Over the past year I've focused on my Sculpting skills, this lead to me ignoring some of the other necessary skills necessary for good Character Art. To rectify this I did a deep-dive into creating realistic skin using ZBrush and Substance Painter, for rendering in Unreal Engine 4. Through this little series I'll be detailing how I made the Height, Diffuse, Roughness and Subsurface maps. As well as some experiments I did along the way.
When it comes to creating skin, or texturing any character model a good first step is height detail. Good height and normal details create the necessary bake data for our Diffuse and Roughness portions to be far more detailed, far easier.
Necessary Skin Details:
- Pores
- Micro-creases/Skin Direction
- Necessary Variation
I will refrain from including too detailed reference images because they can get kinda gross.

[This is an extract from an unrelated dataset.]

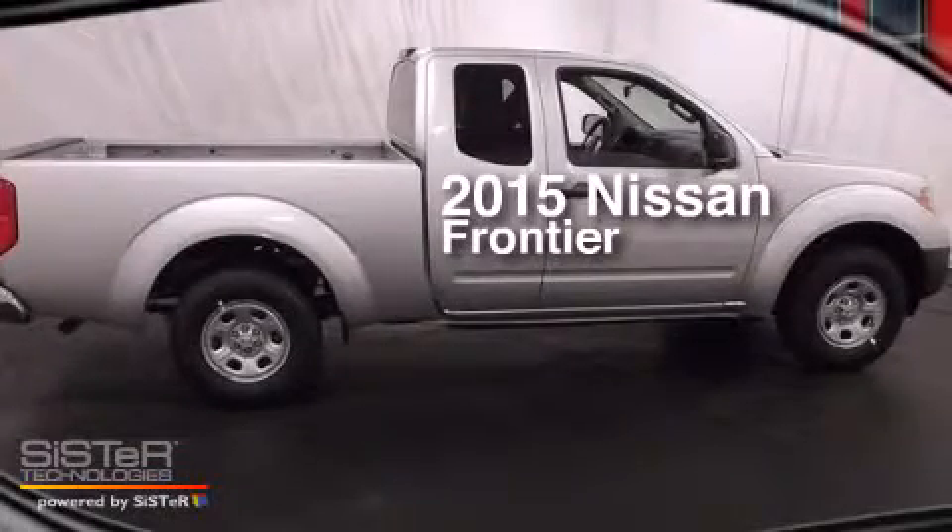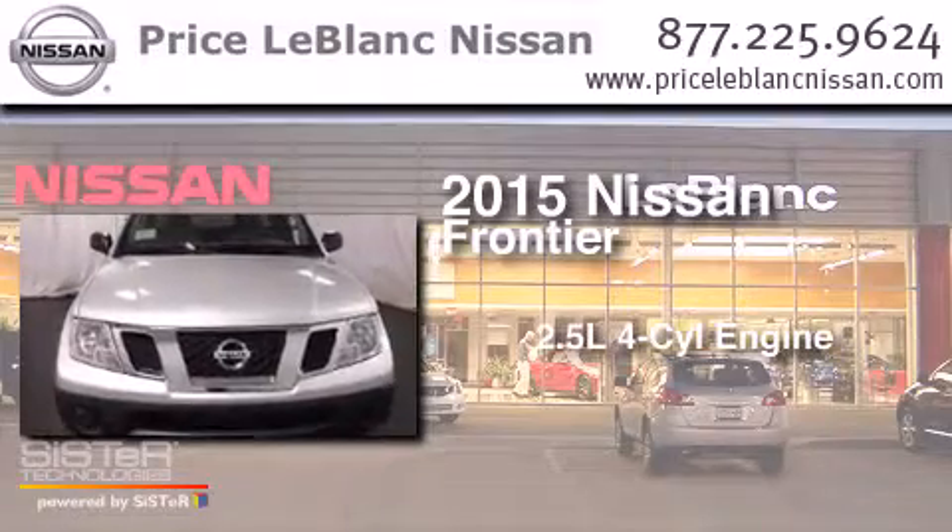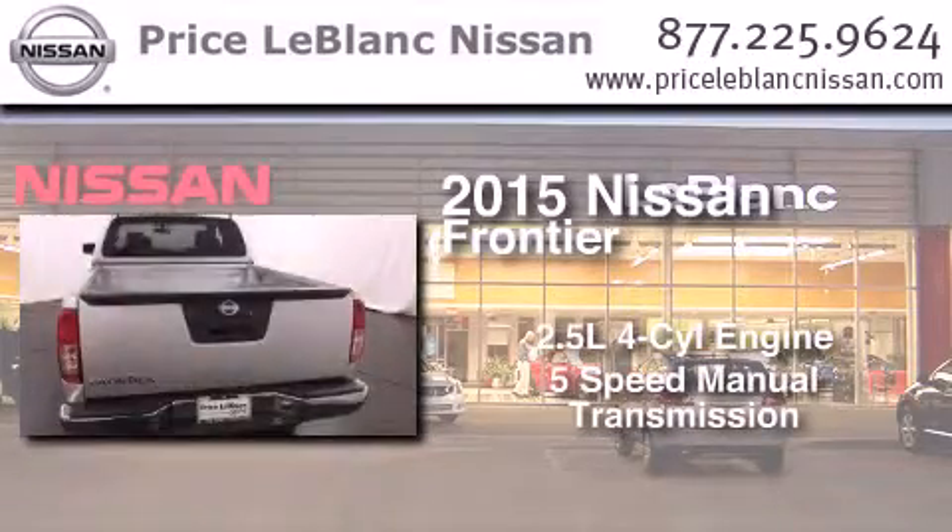This is a brand new 2015 Nissan Frontier. It features a 2.5-liter 4-cylinder engine and a 5-speed manual transmission.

EXPERIMENT: TEXTURING DETAILS VS SCULPTING DETAILS
Texturing Details
Substance painter has a rather large collection of Skin Materials to be used on different parts of the body. These can range from something as small as lip details to something as large as back creases. When I started this project I decided to see how far I could get with these materials alone. Spoiler Alert: Not Very Far.
The process involves 3D projecting the tileable materials onto the mesh, increasing the tiling, and masking out where you want them to be. With the occasional 2D material needing to be translated to the right spot in UV space.

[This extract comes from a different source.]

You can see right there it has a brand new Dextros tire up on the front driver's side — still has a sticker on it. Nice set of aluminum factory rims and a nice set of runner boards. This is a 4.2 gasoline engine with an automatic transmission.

Here are the results of the face. It's kind of there but it doesn't fit on the face right. The pores around the nose area are too intense, even at 1% intensity. The pores and wrinkles here, even at higher resolution, don't look they have much direction or purpose. It just looks like noise in some areas. Creating good variation in pore size will fill up your layer stack quickly, something I'm not especially comfortable with. Overall, not a completely unexpected outcome.
QUALITY: These materials can only go so far. For the purposes I want, they simply don't go far enough. They're a pretty quick way to get something. They might come in useful to supplement any spots I miss when I sculpt these details.

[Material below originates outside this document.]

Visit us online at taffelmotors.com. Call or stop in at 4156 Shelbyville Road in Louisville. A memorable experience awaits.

COMFORTABILITY: The process of dragging in, changing the scale, changing the intensity and THEN masking out specific areas is one I find very clunky.
EFFICIENCY: These materials come built in. No need to go Alpha hunting on the Marketplace. For creating a base layer of Skin Pores or Skin Creases this is far quicker than creating it in a sculpting program, baking it, and then continuing to work in Substance Painter.
Sculpting Details
In contrast, ZBrush has very little skin resources built in. There's a couple things that Noisemaker can do but that suffers from similar drawbacks as texturing details above. This is 50% a process review, and 50% shill of J Hill's Skin Detail's Kit. I used the brushes there to create varied skin details of a consistent quality. Despite this, remember, the best alphas and brushes are useless in the hands of someone that doesn't know how to use them.
Sculpting these details by dragging out an alpha will immediately create some variation in Pore and Wrinkle Sizes, making our skin look far more natural. The difference here is subtle but enough, and we can immediately use our Mesh Maps to drive our skin details. There isn't much to say other than:
QUALITY: The overall quality is greater because I have more control over the Size and Intensity of these details. We don't have to worry about any tiling textures or scrolling through Substance Painter for us to add exactly what we want.
COMFORTABILITY: I sculpt everything as much as I can, so sculpting these details in Zbrush is essentially second nature. The only drawback I have is how many polygons are needed for these details to come through, I'm working on a decent laptop but even then it chugs when I get to a high resolution.
EFFICIENCY: This is where Substance has got Zbrush beat. At least for me, dragging out Zbrush Alphas and brushing in details takes longer than adjusting parameters and masking. Though we don't have to do any fiddling about with height-to-normal filters or anchor points for our height details to start driving our diffuse and roughness maps later down the line.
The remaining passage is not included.